Wednesday, January 30, 2013

It Matters Who You Are

It doesn’t matter who you were.  It matters who you are.
Likewise, it doesn’t matter what you did.  It matters what you’re doing.
And it doesn’t matter where you’ve been.  It matters where you’re going.

Some people are crippled by their past, the mistakes they made, and the failures they’ve been unable to come to grips with.  It leaves them frozen in place, restricted in their development as people.  Others live the same dynamic, but because of past success, a success that causes them to feel as if they’ve arrived, as if they’ve reached the top of the mountain.  They become as paralyzed, and as stunted in their growth, as those whose failure has caused their own inhibition.

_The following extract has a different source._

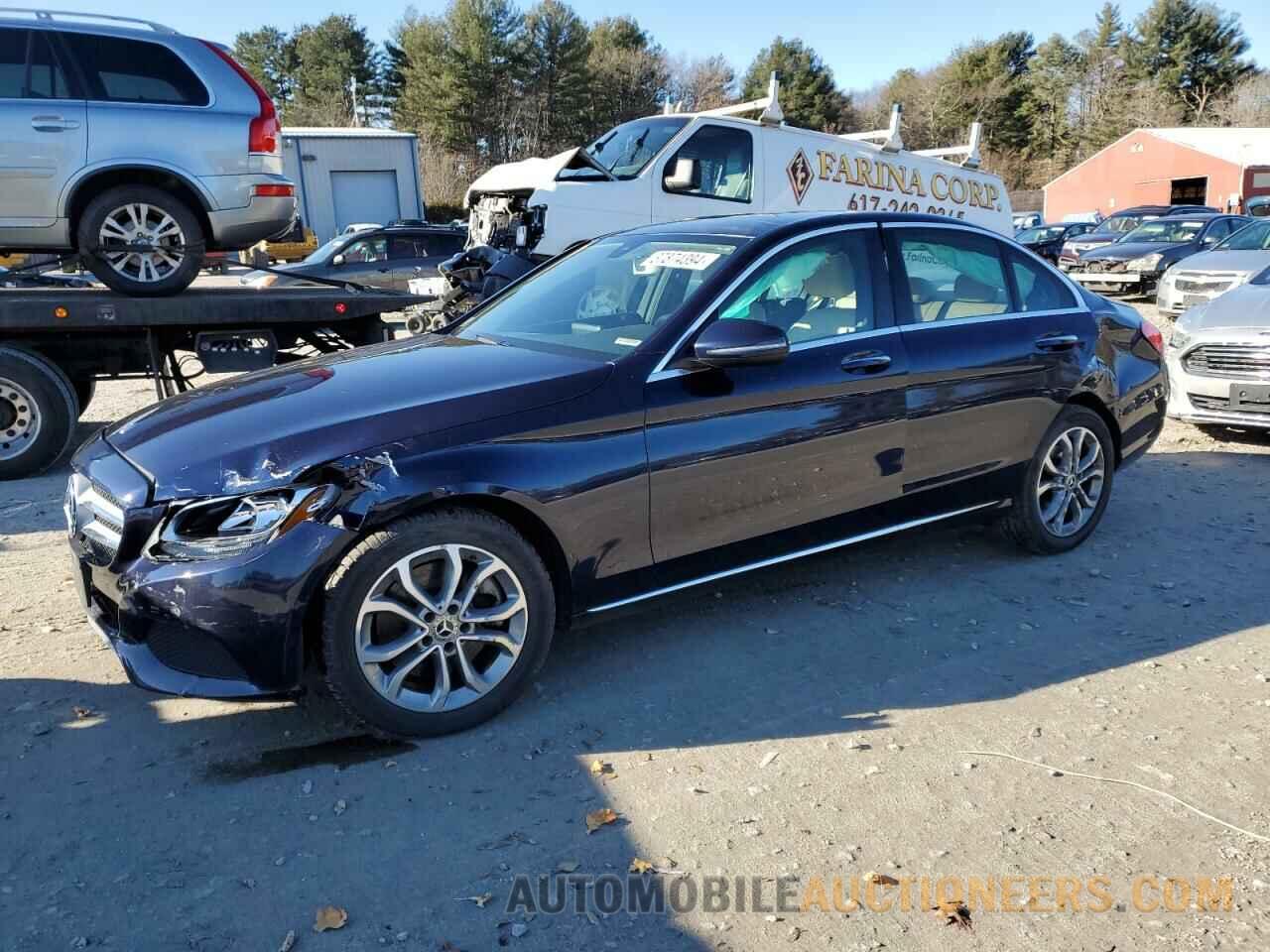 55SWF4KBXHU228162 MERCEDES-BENZ C-CLASS 2017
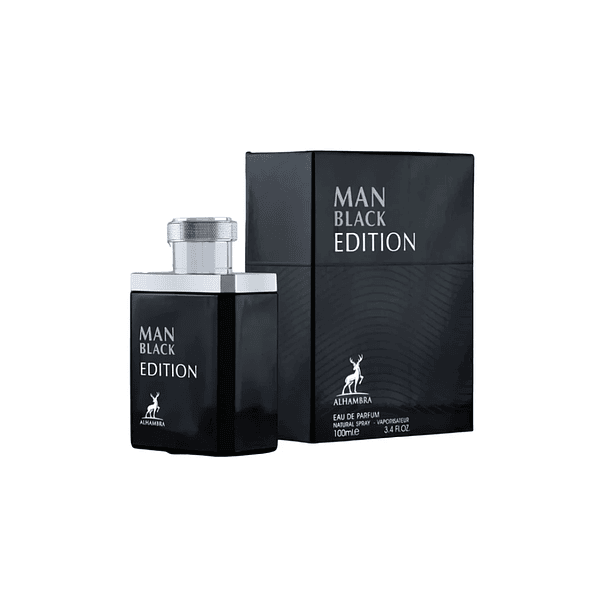 Men Black Edition Maison Alhambra Edp 100Ml Hombre - Inspirado en Montblac Legend 1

Each day can be an opportunity to move away from the paralysis, to inch forward, if even with unremarkable effect.  Effort is something each one of us can engage in, and experience as progress, no matter the degree; like the sensation one might have when trying to walk across the room after one’s legs have gone to sleep from lack of circulation.  It’s not easy, but the effort alone will help to bring the legs back to life.  Effort cannot disguise itself as apathy.  It is the antithesis of that.  One can feel honest effort within one’s self.  And one can take heart in knowing that movement comes with that effort, whether the movement is easily measured or not.  Results are sometimes very difficult to see, but can often be illuminated by looking back, by observing the tracks connecting where we are with where we’ve been, not unlike the trail a snail leaves on the ground behind its own advancement.  And, lets face it, sometimes our personal movement, our progress if you will, is little more than a snails pace; but at least it’s movement.
And that’s what counts.  

It doesn’t matter who you were.  It matters who you are.
Likewise, it doesn’t matter what you did.  It matters what you’re doing.
And it doesn’t matter where you’ve been.  It matters where you’re going.